Recoleta Item Note
Neural Implicit Action Fields: From Discrete Waypoints to Continuous Functions for Vision-Language-Action Models
NIAF changes the action output of vision-language-action models from discrete trajectory points to continuous-time functions, better matching the continuity of real robot motion. Its core value is that actions can be…
vision-language-actioncontinuous-action-representationimplicit-neural-representationrobot-manipulationimpedance-control
Summary
NIAF changes the action output of vision-language-action models from discrete trajectory points to continuous-time functions, better matching the continuity of real robot motion. Its core value is that actions can be queried at arbitrary frequencies, while analytically providing velocity/acceleration/jerk directly, thereby improving long-horizon task performance and the smoothness of real-robot control.
Problem
- Existing VLAs mostly predict discrete waypoints or fixed-length action chunks, but robot motion is inherently continuous; discretization ties the model to a fixed sampling rate and makes it hard to adapt to different control frequencies.

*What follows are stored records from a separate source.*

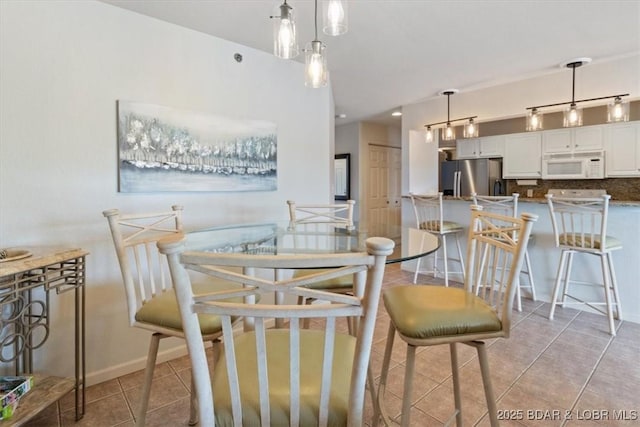4800 Eagleview Dr Unit 115B, Osage Beach, MO 65065 - dining space featuring light tile patterned floors and baseboards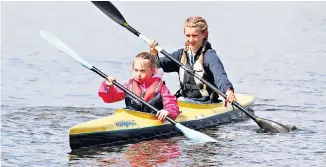  ?? ?? i Paddle power: young and old can learn kayaking at Holkham Hall’s Festival of Sport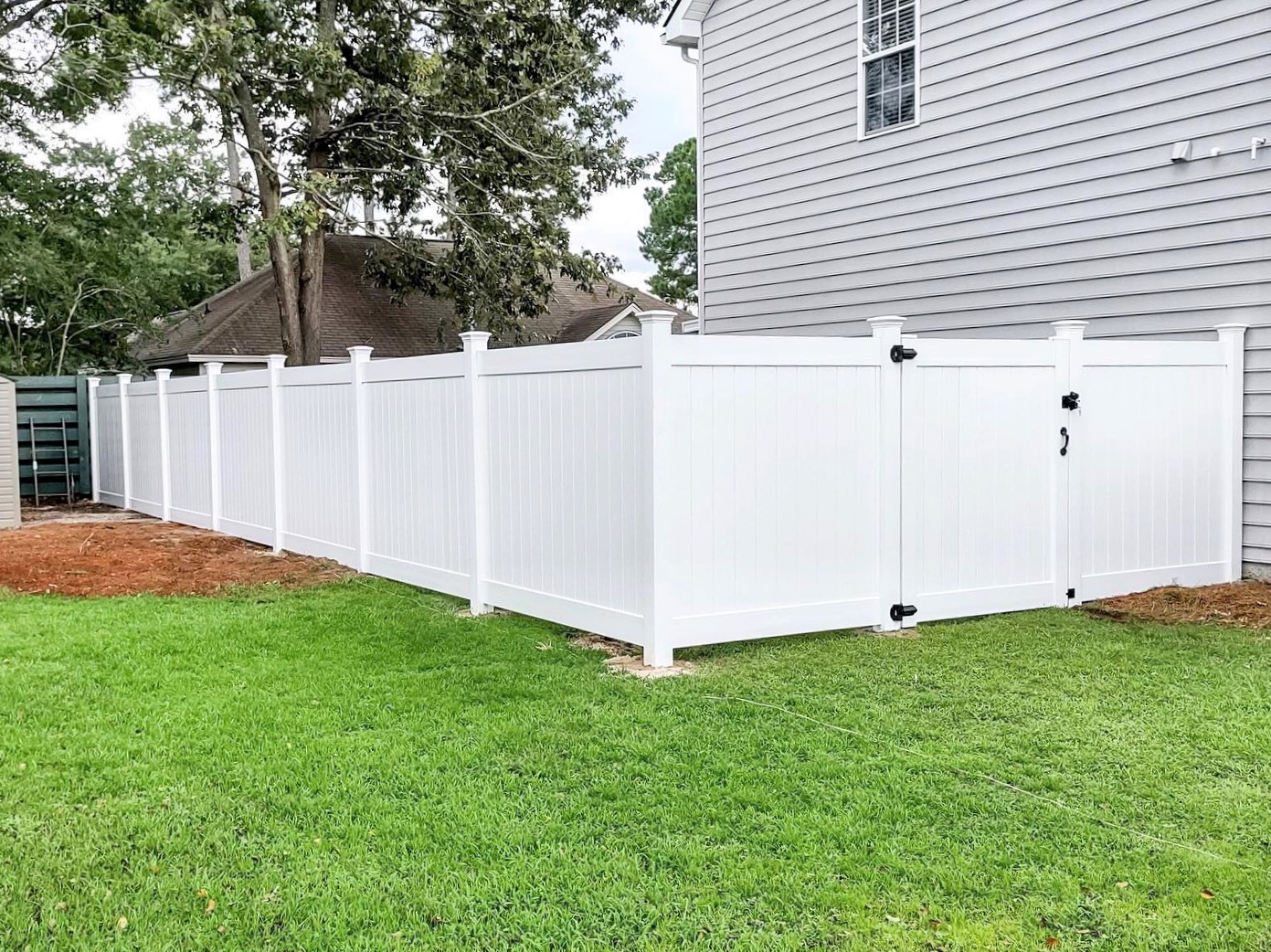 Photo of a white vinyl privacy fence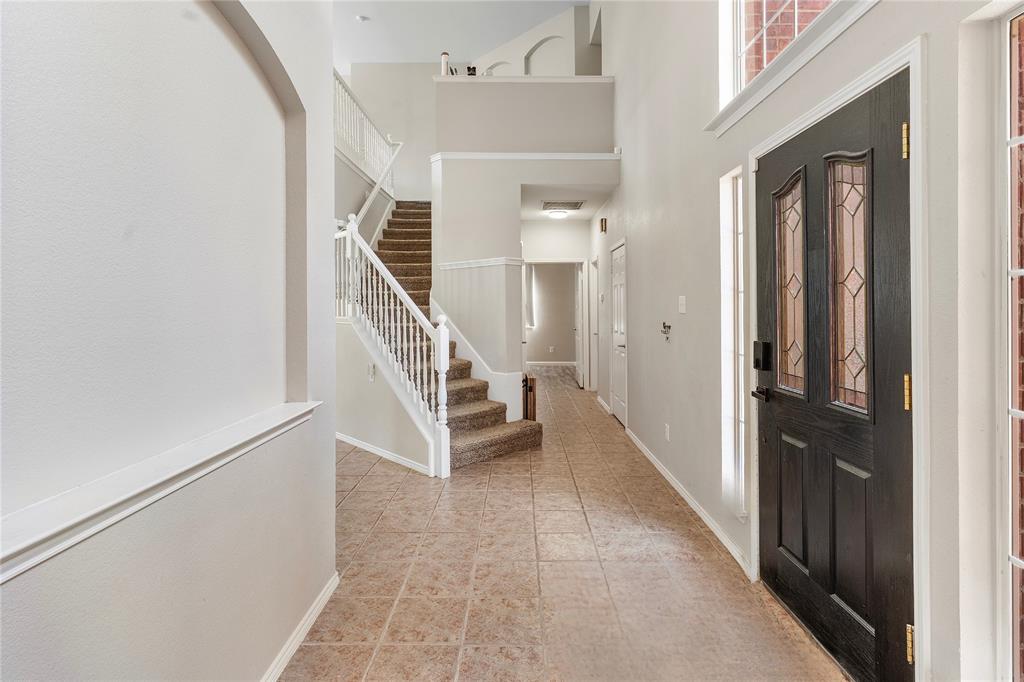 Entryway featuring a dark wood-finish door with decorative glass inserts, tile flooring, and a two-story ceiling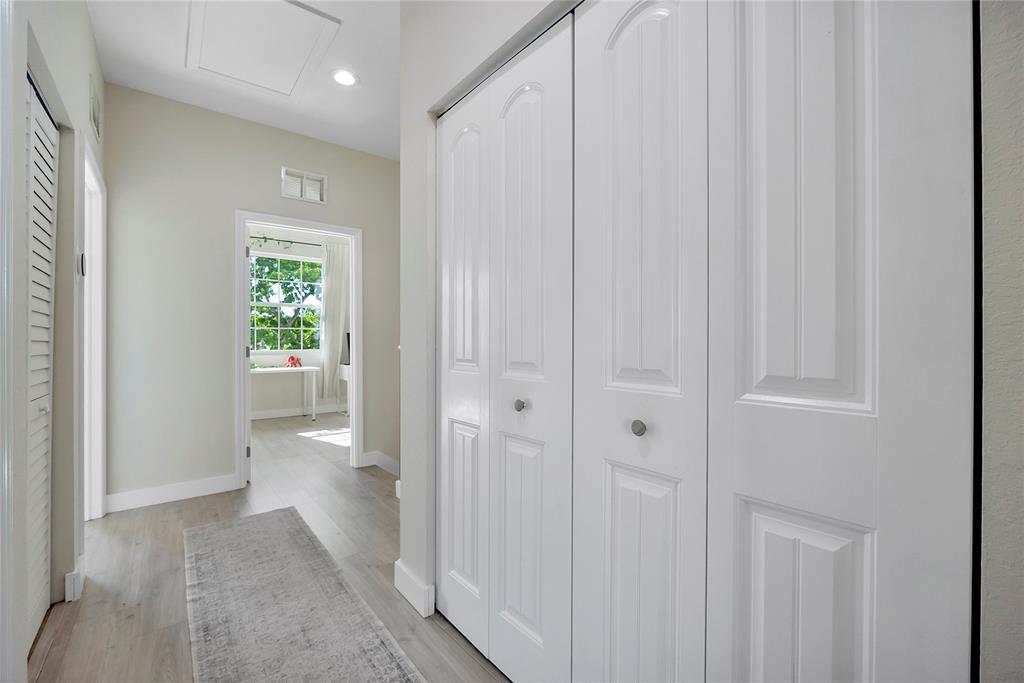 163 Southwest 7th Street Pompano Beach, FL 33060 - Photo 23 of 54 a view of a hallway with wooden shelves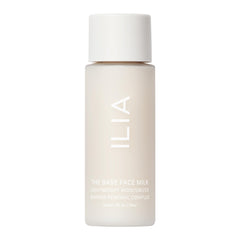 ILIA Base Face Milk Essence dans une bouteille voyage, hydratation légère possible.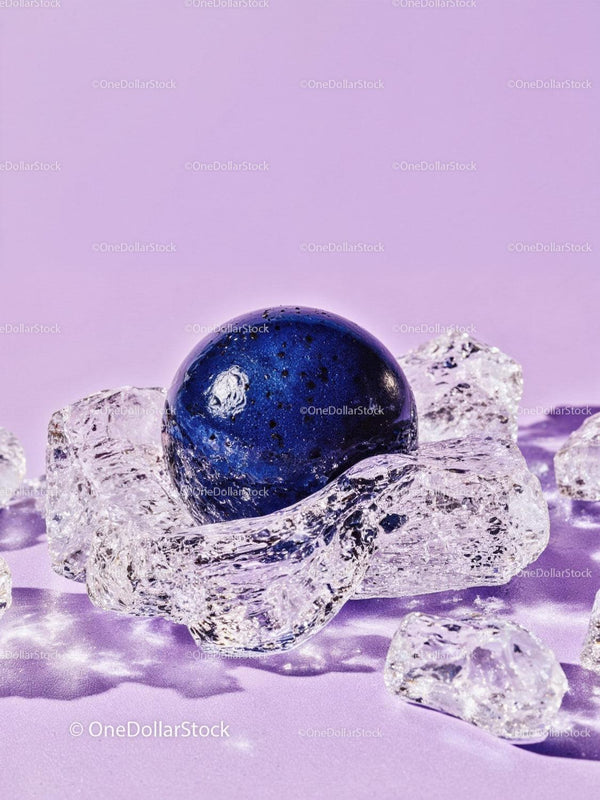 Blue spherical object resting on clear ice pieces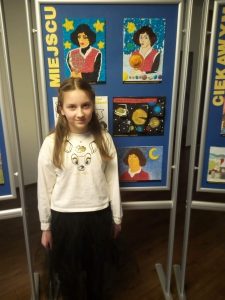 Nagrodzona w konkursie uczennica Wiktoria Abramowicz pozuje do zdjęcia na tle galerii stworzonej z nagrodzonych prac plastycznych.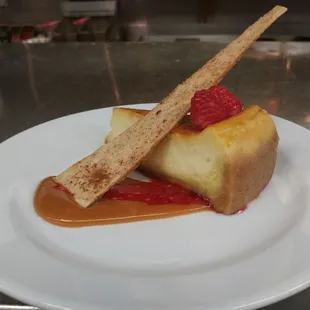 Amazing cheesecake with carmel sauce and raspberry.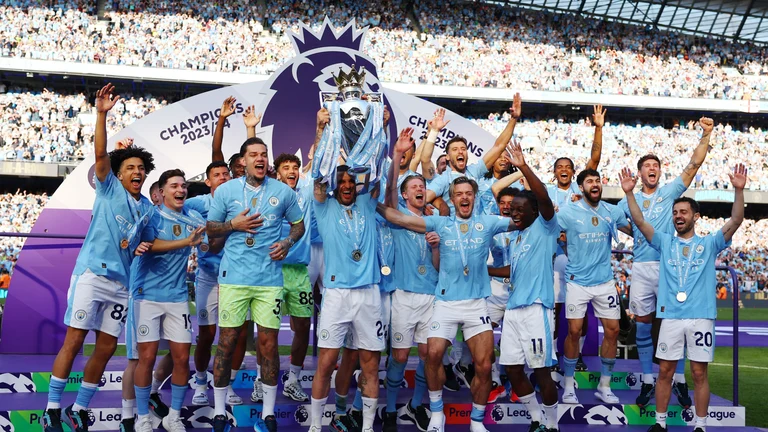 Manchester City players celebrate with the trophy after winning English Premier League 2023-24. - X/Premier League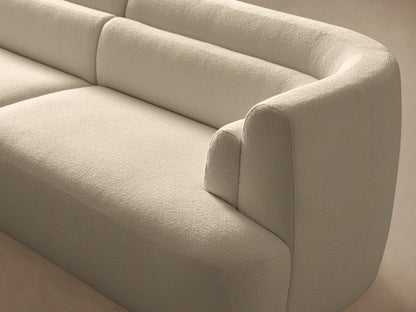 Lovina 3-piece sectional in light cream fabric. Left bumper chaise, armless chair, and right arm chair. Modern, on wood floor.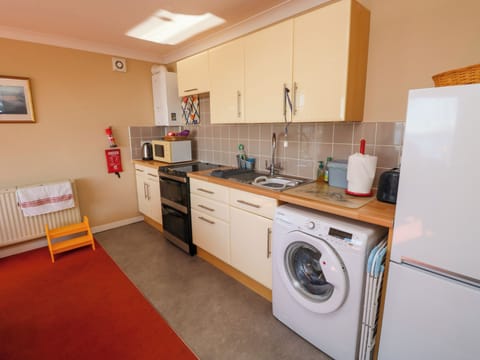 Fridge, electric kettle, toaster, cookware/dishes/utensils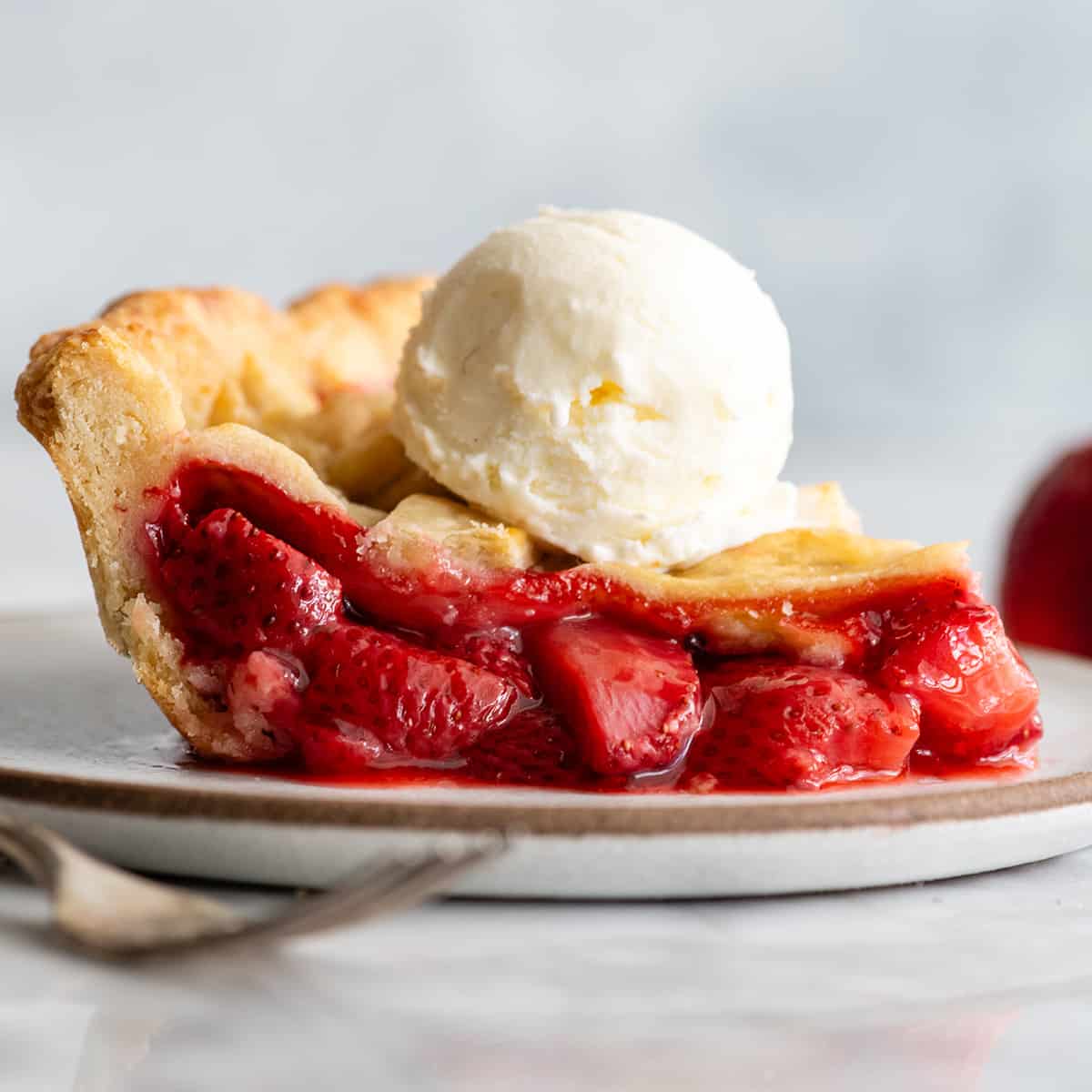 side view of a slice of strawberry pie on a plate with vanilla ice cream on top
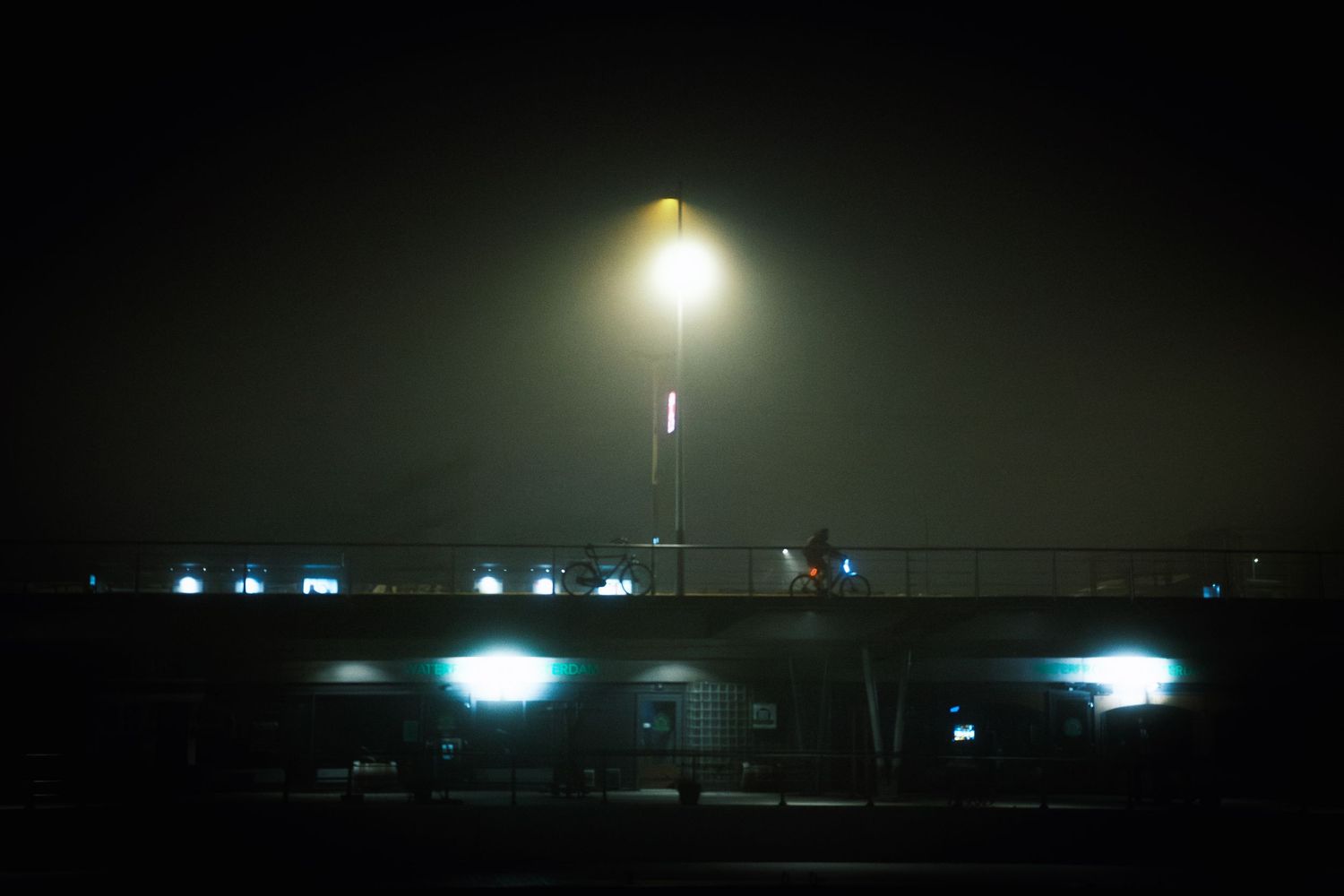 Night street photography in Amsterdam showing the city in heavy mist with soft lights, reflections and a cinematic urban atmosphere.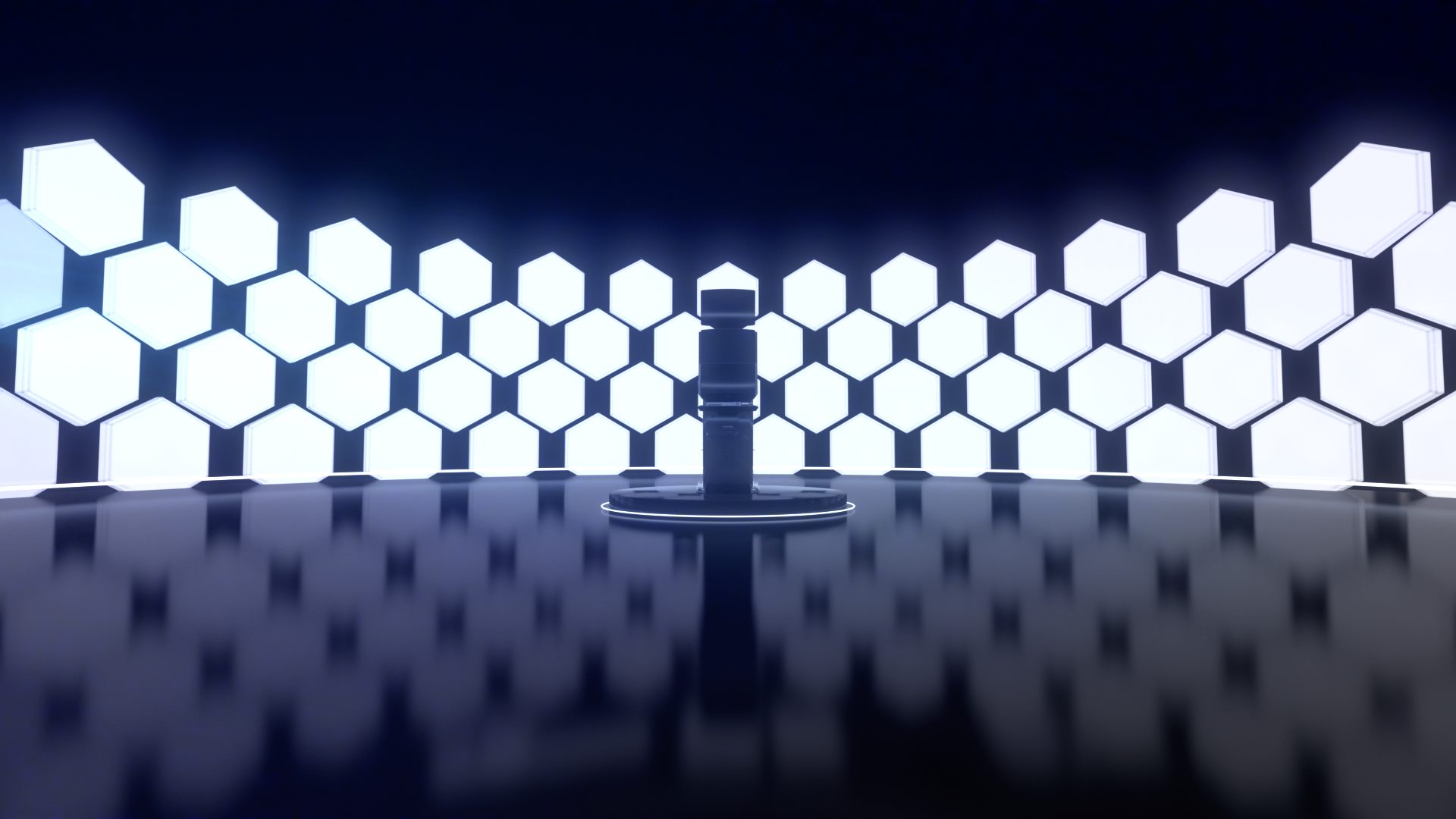 The Kascada terminal on a plinth in a dark studio of glowing hexagons, a frame from the CG launch film
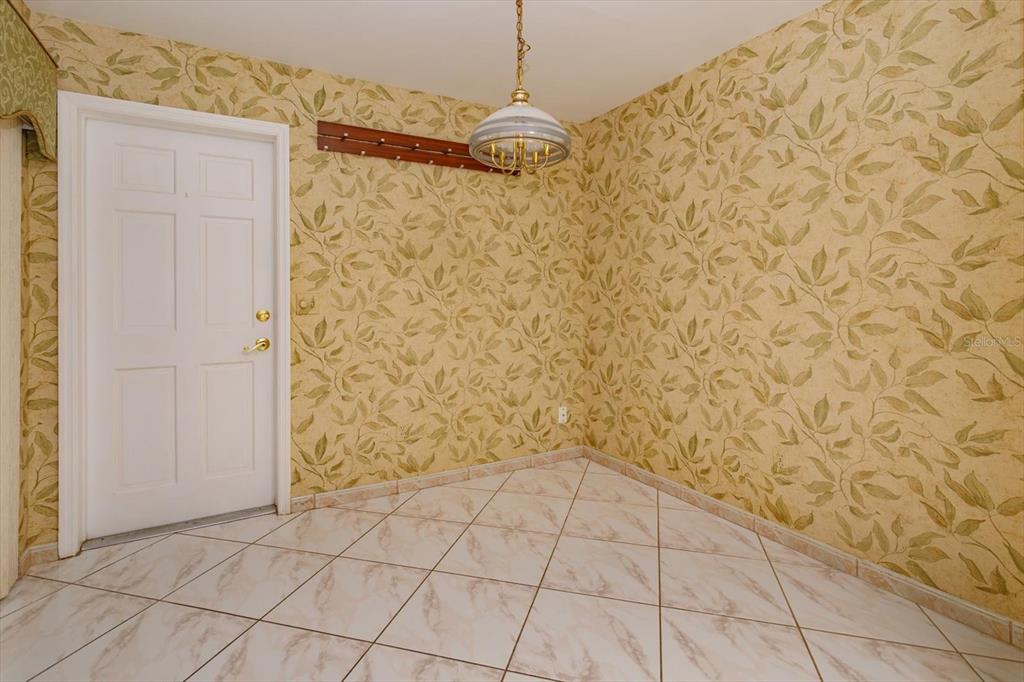 A room with beige leaf-patterned wallpaper, white tiled floors, and a hanging pendant light — 8266 AMBROSE COVE WAY, ORLANDO, FL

- Discrete representations usually lack consistent constraints on higher-order derivatives, so velocity/acceleration often rely on numerical differentiation, which easily introduces quantization noise, jitter, and control instability.
- This matters because fine-grained manipulation and impedance control require smooth, physically consistent reference trajectories, rather than coarse discrete point sequences suited only to rigid position control.
Approach
- Represent an action chunk as a continuous function (\mathcal{A}(\tau)=\Phi(\tau;\theta)). Instead of directly outputting a discrete action sequence, the model predicts the function parameters (\theta) that define the entire trajectory.
- Use a multimodal large language model (MLLM) as a hypernetwork / hierarchical spectral modulator: based on images, state, and language instructions, it generates modulation vectors to reconfigure a shared SIREN action decoder.
- Use SIREN (sinusoidal implicit network) to represent the action field, because it naturally supports analytical differentiation and has (C^{\infty}) smoothness; therefore, position can be queried at any time point, and velocity, acceleration, and jerk can also be obtained analytically.
- Propose grouped hyper-modulation: assign different tokens to the frequency and phase modulation of each SIREN layer, so semantic information hierarchically controls trajectory geometry and kinematics.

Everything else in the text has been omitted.